In [None]:
import pandas as pd
import matplotlib.pyplot as plt
import numpy as np
import matplotlib.patches as mpatches

# --- Load data ---
standings = pd.read_csv("mlb_2000_2015_standings.csv")
payrolls = pd.read_csv("mlb_2000_2015_payrolls.csv")

# Drop any extra header rows
standings = standings[standings["Team"] != "Tm"]

# Strip whitespace
payrolls["Team"] = payrolls["Team"].str.strip()

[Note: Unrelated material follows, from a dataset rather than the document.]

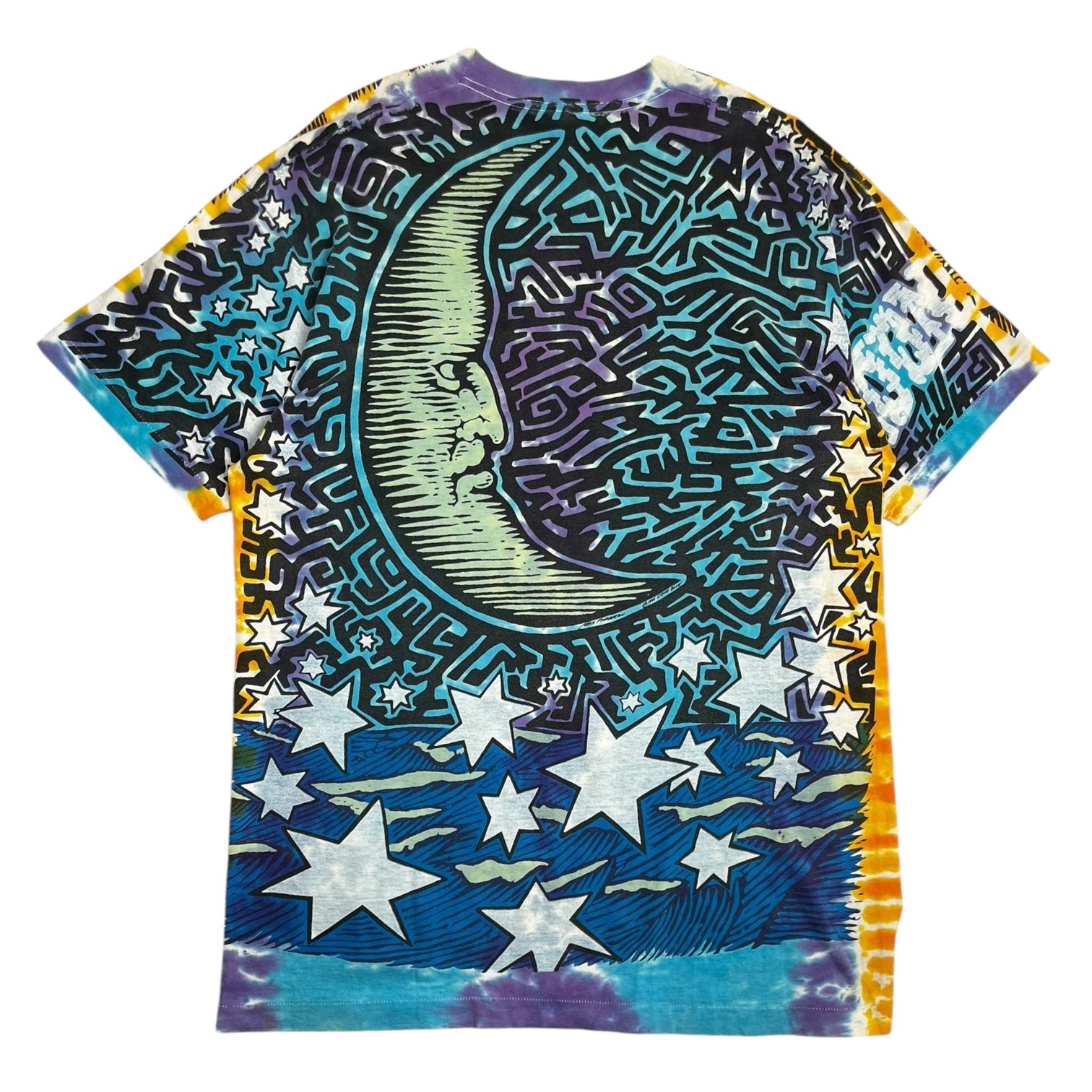 1992 Liquid Blue Sun & Moon Tie Dye All Over Print T-Shirt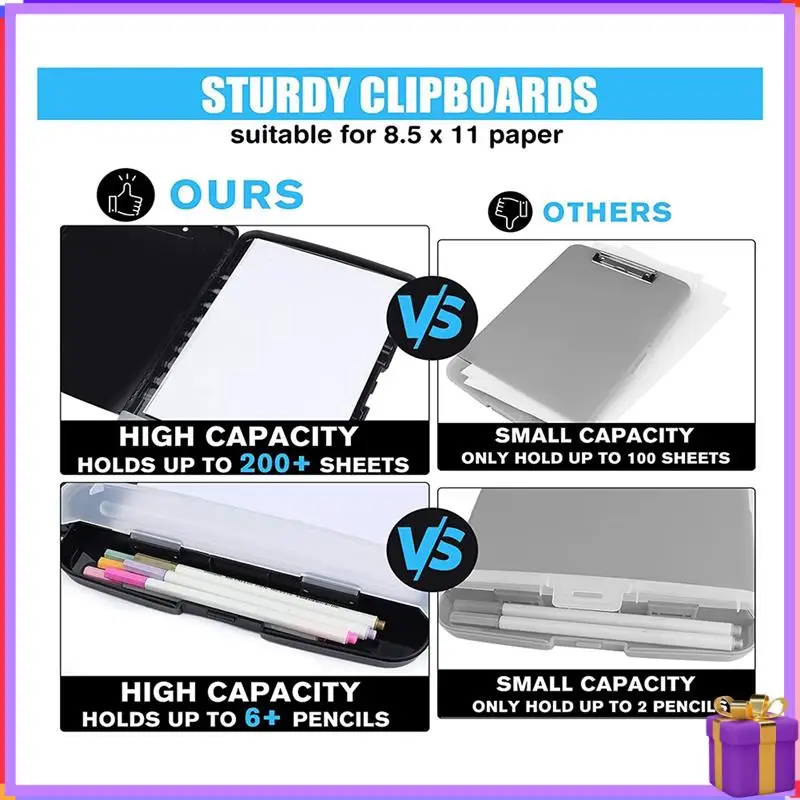 Geavanceerde klemborden met heavy duty, 8,5 x 11 klemborden met clip met laag profiel, zijopening, A4-formaat voor kantoor, school en thuis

# Merge datasets for all years
merged = pd.merge(standings, payrolls, on=["Year", "Team"], how="inner")

# Ensure numeric columns
merged["Wpct"] = merged["Wpct"].astype(str).apply(lambda x: float(x) if float(x) > 1 else float("0"+str(x)))
merged["Payroll"] = merged["Payroll"].astype(float)

def assign_color(row):
    if row["WorldSeriesWin"] == 1:
        return "yellow"
    elif row["DivisionWin"] == 1:
        return "blue"
    elif row["Playoffs"] == 1:
        return "green"
    else:
        return "red"

merged["Color"] = merged.apply(assign_color, axis=1)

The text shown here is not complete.